A court ruling Jan. 31 said the state's raid last year on public transportation funds to help balance the state budget was illegal. Well, $409 million of the $1.18 billion taken from the state Public Transportation Account was illegally diverted, the judge ruled.
But since it will likely be an easy task for the state to shift accounts around to make the remaining $409 million theft pass legal muster, representatives of transit agencies are considering taking their cause to the public. According to an editorial:
Transit officials are discussing the possibility of going even further, perhaps forming an alliance with other state transportation interests to back an initiative that would put a gas tax or carbon fee on the ballot, with the funds earmarked for public transit.This is fine. But an effort that focuses only on public transit isn't going to get the majority support necessary for passage in a statewide election.
Sure, people say transit is important.
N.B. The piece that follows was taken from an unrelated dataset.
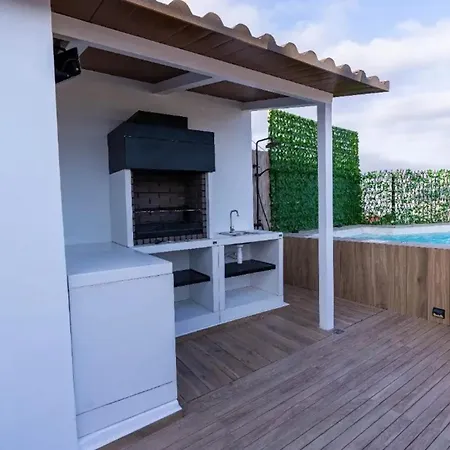 Spacious House In With Private Pool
In heavily urbanized areas such as the Bay Area, transit is recognized as a essential service. But in areas such as suburban Sacramento or any of the outlying communities, transit is viewed as something only the poor and disabled folk use. Deserving folks, yes, but additional freeway lanes and road maintenance are viewed as a higher priority.
So transit needs some allies outside the highway lobby.
The purpose of a carbon tax would be to encourage a reduction in our global warming footprint. Therefore, the benefits of the tax should go to all of those transportation options that meet this goal -- not just transit, but funding for improved bikeways and making communities more walkable.
Transit people need to join forces with bicycle advocates and people who promote walking. Such an alliance could get majority support, even in Roseville. Well, OK, in my dreams. But statewide, a carbon tax, or an increase in the fuel tax -- a global warming tax -- that raised money for transit and bikes and walking would go much further than a transit-only proposal.